## Task objective
When you repeat the material, keep each line exact and omit the pictures.
_ _ _ _ _
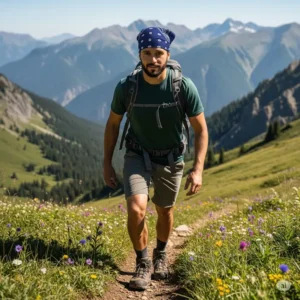 Image of a man with a cool bandana while hiking, demonstrating bandanas for outdoor activities.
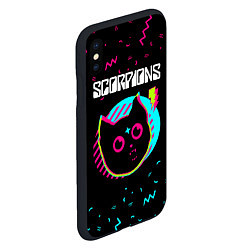 Чехол iPhone XS Max матовый Scorpions - rock star cat, цвет: 3D-черный — фото 2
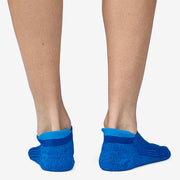 Patagonia Merino Anklet Sock, blue, back view, on model.
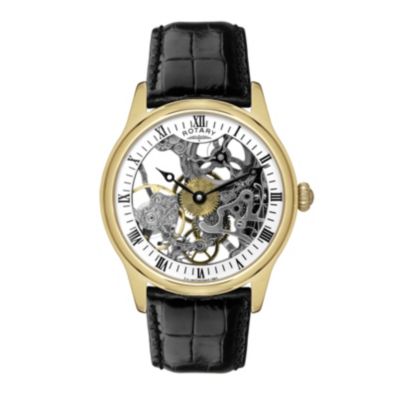 Rotary men's black strap skeleton dial watch - Product number 9412980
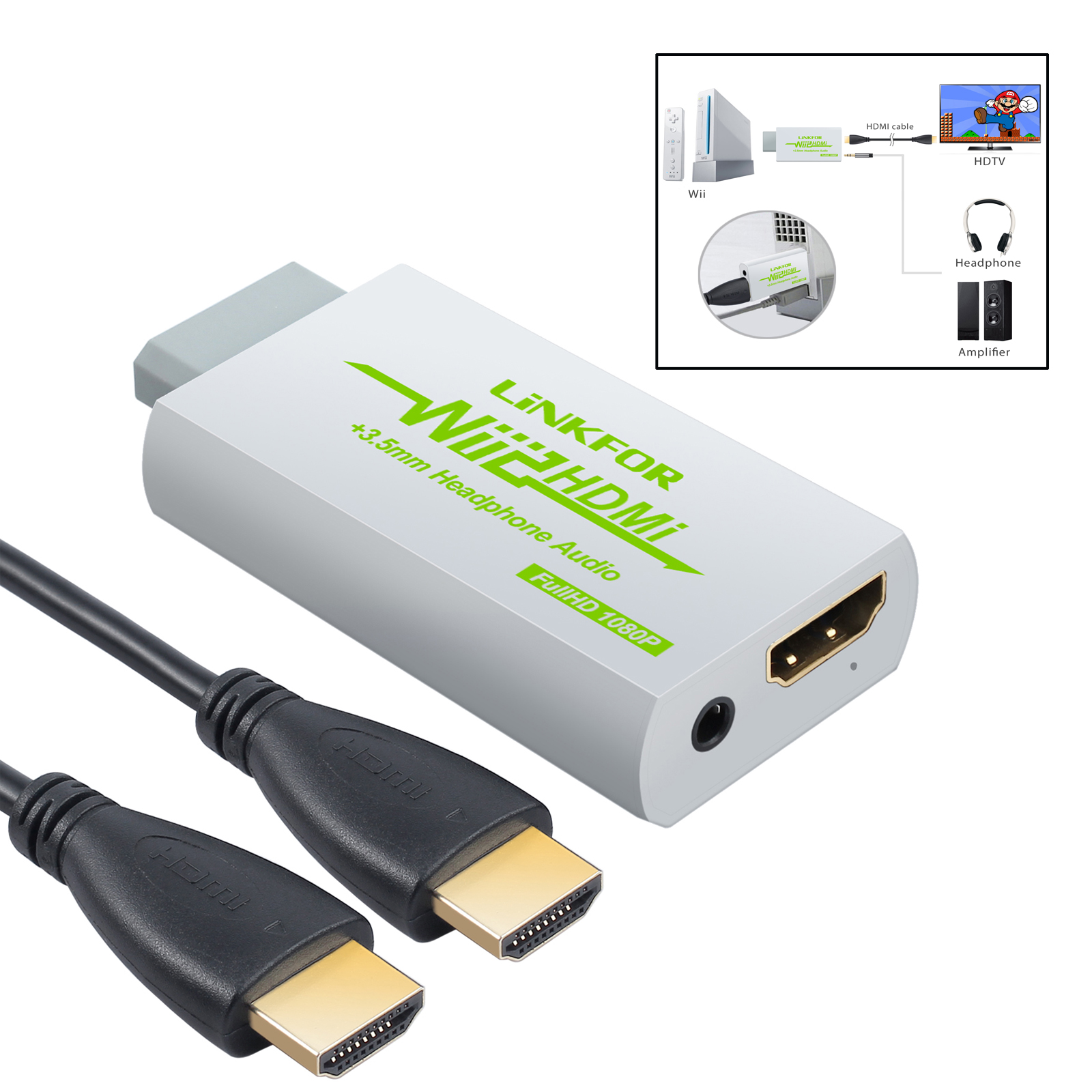 WII TO HDMI VIDEO CONVERTER 720P/1080P WII2HDMI ADAPTOR HDTV + 3.5MM
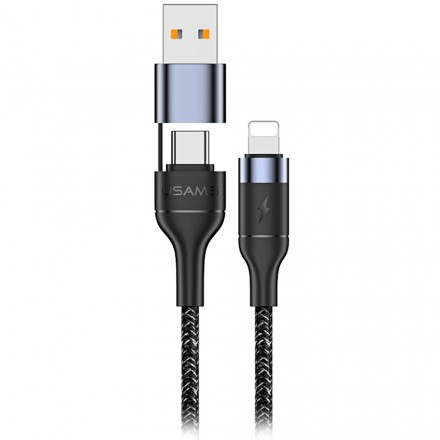 Кабель Usams SJ404 2 In 1 USB Type-C/USB - Lightning 1.2 м, чёрный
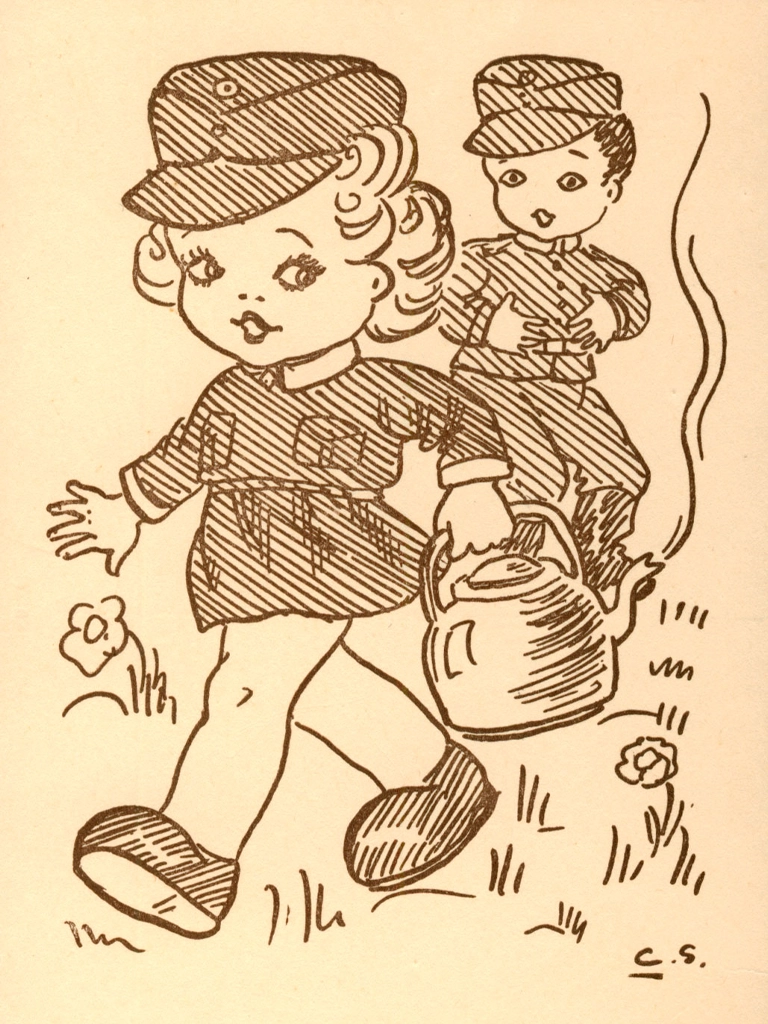 Toisinaan nuoren kanttiinilotan iloisen hymyn korvaa viekoitteleva katse. Lottapuvun hameen helma on kuvan lotalla myös hieman lyhentynyt. Sota-ajan postikortti.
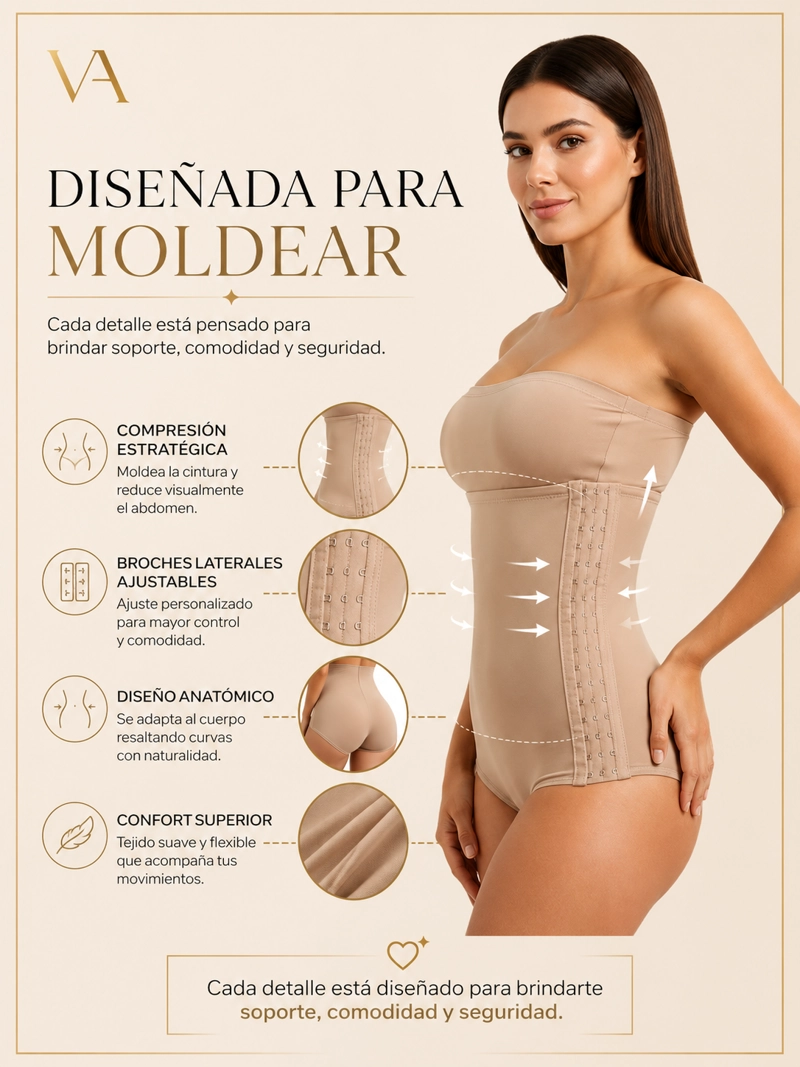 FAJA MODELADORA DE CINTURA Y ABDOMEN CON BROCHES AL COSTADO - 5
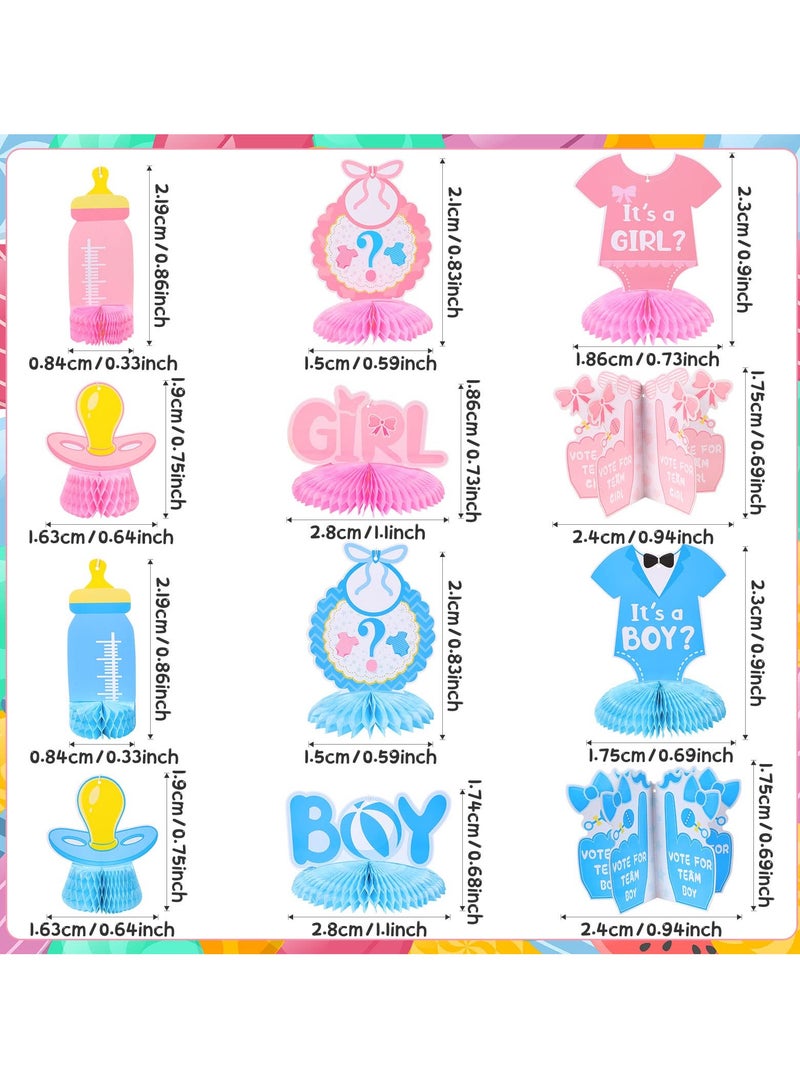 Excefore Honeycomb Table Centerpieces 3D Gender Reveal Hanging Decoration, 12 Pcs Baby Newborn Gender Reveal Party Supplies, He or She Boy or Girl Baby Shower Pregnancy Announcements Decor - Image 2
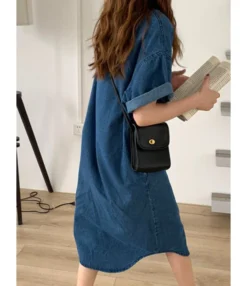 Lapel Neck Single Breasted Pocket Detail Denim T Shirt Dress Wholesale 210528617 -Dress Sales Store 210528617 2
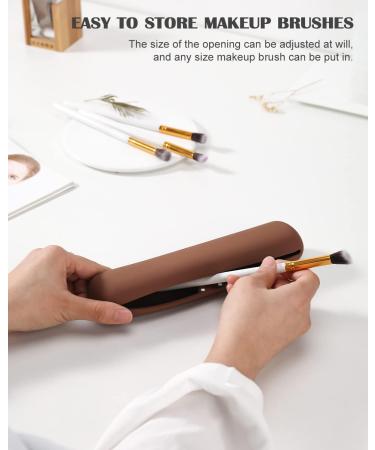 Shop Corneria Large Magnetic Makeup Brush Holder - Portable Organizer & Storage Box for Brushes - Perfect for Travel - Slim & Stylish Brown Design - Buy Online on GoSupps.com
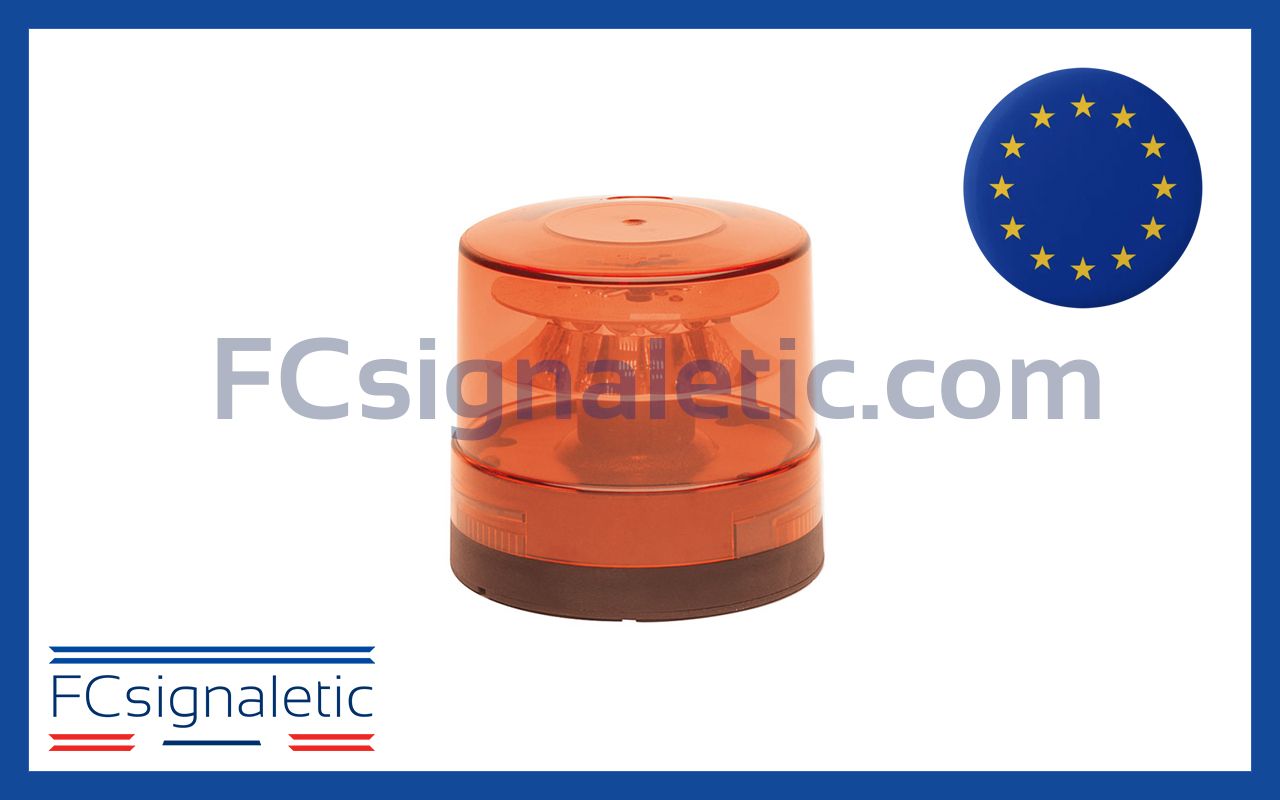 Gyrophare à LED Pilot - 15 LED Solaris - orange montage permanent classe 1 SIRAC
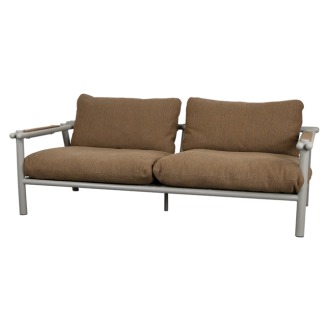 Cane-Line Sticks 2-Seater Sofa Taupe, aluminium Umber brown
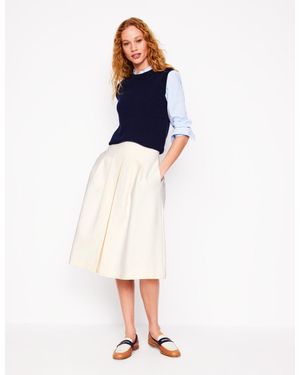 Boden Pleat Detail Midi Skirt - Blue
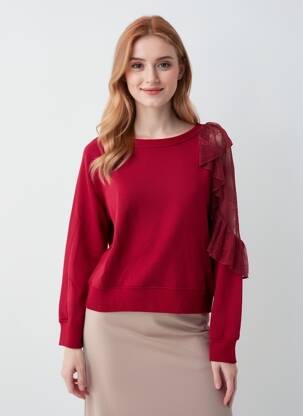 Sweat-shirt broderie manches longues rouge PLEASE femme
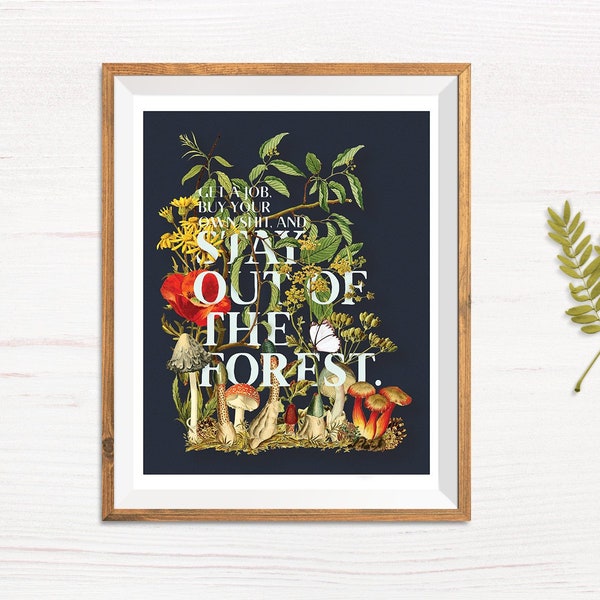 Vintage Botanical Print | Stay Out of the Forest | My Favorite Murder fan art | mfm wall art, Christmas gift, gift for her, friend gift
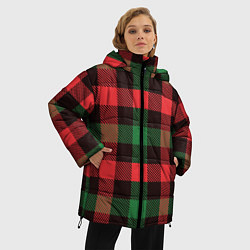 Куртка зимняя женская Рождественский тартан, цвет: 3D-красный — фото 2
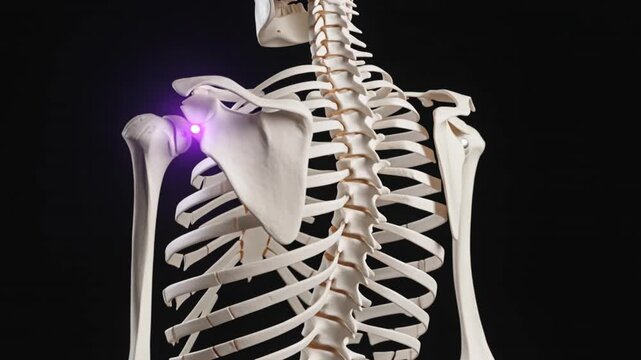 Human Skeleton with Glowing Purple Light on Shoulder Pain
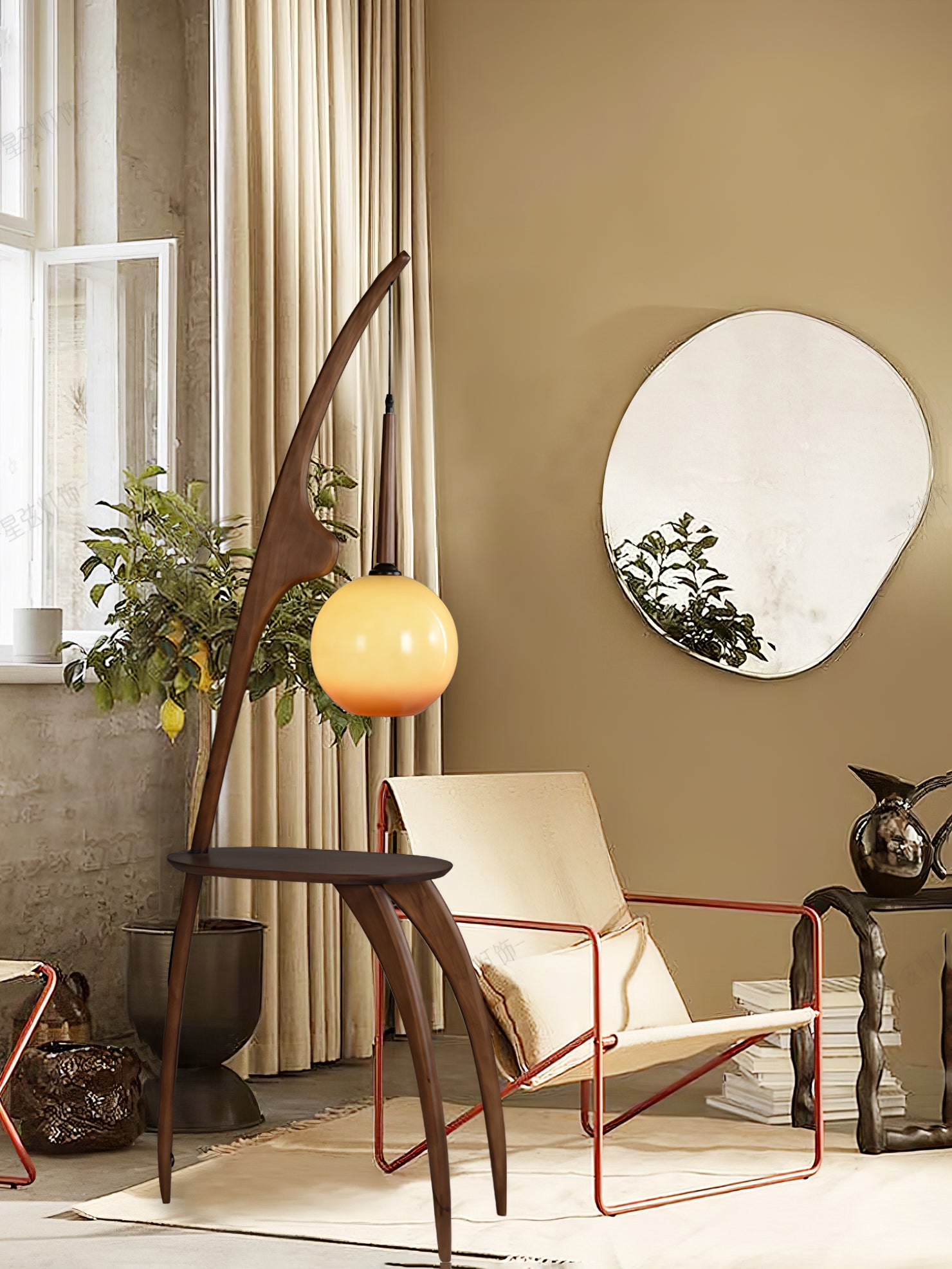 Curved Mantis Arm Floor Lamp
_ _ _ _ _
## Written answer
 Image of a man with a cool bandana while hiking, demonstrating bandanas for outdoor activities.
 Чехол iPhone XS Max матовый Scorpions - rock star cat, цвет: 3D-черный — фото 2
 Patagonia Merino Anklet Sock, blue, back view, on model.
 Rotary men's black strap skeleton dial watch - Product number 9412980
 WII TO HDMI VIDEO CONVERTER 720P/1080P WII2HDMI ADAPTOR HDTV + 3.5MM
 Кабель Usams SJ404 2 In 1 USB Type-C/USB - Lightning 1.2 м, чёрный
 Toisinaan nuoren kanttiinilotan iloisen hymyn korvaa viekoitteleva katse. Lottapuvun hameen helma on kuvan lotalla myös hieman lyhentynyt. Sota-ajan postikortti.
 FAJA MODELADORA DE CINTURA Y ABDOMEN CON BROCHES AL COSTADO - 5
 Excefore Honeycomb Table Centerpieces 3D Gender Reveal Hanging Decoration, 12 Pcs Baby Newborn Gender Reveal Party Supplies, He or She Boy or Girl Baby Shower Pregnancy Announcements Decor - Image 2
 Lapel Neck Single Breasted Pocket Detail Denim T Shirt Dress Wholesale 210528617 -Dress Sales Store 210528617 2
 Shop Corneria Large Magnetic Makeup Brush Holder - Portable Organizer & Storage Box for Brushes - Perfect for Travel - Slim & Stylish Brown Design - Buy Online on GoSupps.com
 Gyrophare à LED Pilot - 15 LED Solaris - orange montage permanent classe 1 SIRAC
 Cane-Line Sticks 2-Seater Sofa Taupe, aluminium Umber brown
 Boden Pleat Detail Midi Skirt - Blue
 Sweat-shirt broderie manches longues rouge PLEASE femme
 Vintage Botanical Print | Stay Out of the Forest | My Favorite Murder fan art | mfm wall art, Christmas gift, gift for her, friend gift
 Куртка зимняя женская Рождественский тартан, цвет: 3D-красный — фото 2
 Human Skeleton with Glowing Purple Light on Shoulder Pain
 Curved Mantis Arm Floor Lamp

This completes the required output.